He expanded Radio Shack (named after the place on boats where the wireless equipment was housed) modeling it after his leather business. He stocked thousands of items in the stores that appealed to radio hobbyists… batteries, cords, switches, dials, capacitors, etc. and by 1971 there were 1,000 stores.

I bought my first radio kit at Radio Shack. My first 23 channel CB unit came from there. A set of Radio Shack Realistic shelf speakers were a nice add to my stereo system and in 1979 I bought a TRS-80. A 12 inch monitor with just one shade of gray, 16K of memory and a cassette player where you could save data while waiting for someone to invent a hard drive. What a wonderful thing it was. (The operating system was from Microsoft).

Then along came cell phones and Radio Shack jumped in with both feet. The company changed from one where employees could assist people in hooking up their VCR to their TV to one where all they did was push cell phones and cell plans.
Ask an employee for a Y cable to turn an RF into a mini and you would get a blank stare.

But the monster cell phone company, soon began to kill off their merchandise lines… the GPS, the camcorder, the voice recorder, answering machines, etc. were all swallowed up in one device called an IPhone. The IPhone had negated any need for fourteen of the fifteen lead items in the Radio Shack 1996 catalog.

Ahhh, the catalog. It was a pain in the rear to record your name and address with each sale but it got you on the list to be mailed that great catalog… it was fun to read.

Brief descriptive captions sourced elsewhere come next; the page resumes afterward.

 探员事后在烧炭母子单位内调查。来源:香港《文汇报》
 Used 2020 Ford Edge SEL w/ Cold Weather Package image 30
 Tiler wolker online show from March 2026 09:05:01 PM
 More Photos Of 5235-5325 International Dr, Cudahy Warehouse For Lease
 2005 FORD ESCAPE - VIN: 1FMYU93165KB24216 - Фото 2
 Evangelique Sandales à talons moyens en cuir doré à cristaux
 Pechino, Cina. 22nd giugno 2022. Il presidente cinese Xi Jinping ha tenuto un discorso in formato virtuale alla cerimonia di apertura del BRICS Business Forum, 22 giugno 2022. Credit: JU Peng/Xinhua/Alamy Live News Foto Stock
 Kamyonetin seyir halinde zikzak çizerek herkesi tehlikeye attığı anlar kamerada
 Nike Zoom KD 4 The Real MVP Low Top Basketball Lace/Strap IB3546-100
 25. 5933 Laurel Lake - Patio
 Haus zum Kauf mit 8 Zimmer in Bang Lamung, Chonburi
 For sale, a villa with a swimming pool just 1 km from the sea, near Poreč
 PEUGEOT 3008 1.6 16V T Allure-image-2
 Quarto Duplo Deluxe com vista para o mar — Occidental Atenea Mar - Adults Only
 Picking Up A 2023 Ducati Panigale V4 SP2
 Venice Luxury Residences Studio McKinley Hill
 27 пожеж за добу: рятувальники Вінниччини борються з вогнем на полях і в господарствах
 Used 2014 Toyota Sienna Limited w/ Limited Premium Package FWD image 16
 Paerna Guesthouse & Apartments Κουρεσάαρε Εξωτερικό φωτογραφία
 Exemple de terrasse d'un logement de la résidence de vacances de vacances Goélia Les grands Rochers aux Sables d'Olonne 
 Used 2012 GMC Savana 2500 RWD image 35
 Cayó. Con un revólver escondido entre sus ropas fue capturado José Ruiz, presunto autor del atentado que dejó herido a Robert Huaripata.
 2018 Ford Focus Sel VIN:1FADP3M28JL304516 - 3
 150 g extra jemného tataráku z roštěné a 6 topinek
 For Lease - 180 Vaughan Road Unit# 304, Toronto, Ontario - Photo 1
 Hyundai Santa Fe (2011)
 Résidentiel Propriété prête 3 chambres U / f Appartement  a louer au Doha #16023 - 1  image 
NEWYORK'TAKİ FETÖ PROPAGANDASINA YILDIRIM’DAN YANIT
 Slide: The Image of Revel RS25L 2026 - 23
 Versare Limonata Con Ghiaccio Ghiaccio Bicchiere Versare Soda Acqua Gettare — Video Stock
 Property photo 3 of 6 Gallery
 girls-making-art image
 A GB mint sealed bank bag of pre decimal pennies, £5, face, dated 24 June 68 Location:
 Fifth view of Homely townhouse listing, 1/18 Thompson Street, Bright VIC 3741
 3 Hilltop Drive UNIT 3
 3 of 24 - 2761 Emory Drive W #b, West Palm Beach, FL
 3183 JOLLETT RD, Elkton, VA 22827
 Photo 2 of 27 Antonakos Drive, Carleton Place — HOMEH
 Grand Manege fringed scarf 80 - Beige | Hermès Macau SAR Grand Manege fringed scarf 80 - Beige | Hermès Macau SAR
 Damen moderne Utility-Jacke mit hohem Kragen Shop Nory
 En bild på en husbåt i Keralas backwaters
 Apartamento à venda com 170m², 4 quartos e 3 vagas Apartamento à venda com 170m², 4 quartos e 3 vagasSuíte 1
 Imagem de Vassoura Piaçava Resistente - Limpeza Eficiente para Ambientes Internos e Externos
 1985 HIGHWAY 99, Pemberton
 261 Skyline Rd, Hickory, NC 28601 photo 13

Goodbye Radio Shack… R.I.P.

SNOOPY
02-06-2015, 08:46 PM
You got married in 1962?


Ohsnap!!!



I'm in the wrong group. roflmao


.

Pennyrick
02-06-2015, 09:05 PM
You got married in 1962?


Ohsnap!!!



I'm in the wrong group. roflmao


.


Yeah... I was a child groom.

SNOOPY
02-06-2015, 09:09 PM
:)


Married to the same woman?

SNOOPY
02-06-2015, 09:17 PM
http://www.forbes.com/sites/lauraheller/2015/02/06/radioshack-liquidation-sales-start-now-but-this-is-not-the-end/

Cruzr Joe
02-06-2015, 09:23 PM
You got married in 1962?


Ohsnap!!!



I'm in the wrong group. roflmao


.


I got married in 1968, still with the same crazy woman that married me.

Cruzr Joe

SNOOPY
02-06-2015, 09:28 PM
I got married in 1968, still with the same crazy woman that married me.

Cruzr Joe



That's awesome.....but I was barely a sparkle in my parents eyes. LOL

SNOOPY
02-06-2015, 09:29 PM
wait a minute...47 years?

You've been married my entire life. roflmao

.

Chupaca
02-06-2015, 09:31 PM
I remember Tandy well. My first computer was the well known "Trash 80" programming ont cassetts. The competition between Radio Shack and Lafayette was fierce. But it was a fun cataloge and store. Sad to see...

Cruzr Joe
02-06-2015, 09:42 PM
wait a minute...47 years?

You've been married my entire life. roflmao

.


they said marriage is forever, but this one is taking too long.

Cruzr Joe

SNOOPY
02-06-2015, 09:45 PM
they said marriage is forever, but this one is taking too long.

Cruzr Joe



Suck it up Princess roflmao

.

retread
02-06-2015, 09:48 PM
At one time, you could buy kits there that covered almost anything in the electronics world, I built quite a few of them. Can't find things like that anymore.

john

Pennyrick
02-06-2015, 10:05 PM
:)


Married to the same woman?


Yep.

SpyderAnn01
02-06-2015, 10:11 PM
I remember Tandy well. My first computer was the well known "Trash 80" programming ont cassetts. The competition between Radio Shack and Lafayette was fierce. But it was a fun cataloge and store. Sad to see...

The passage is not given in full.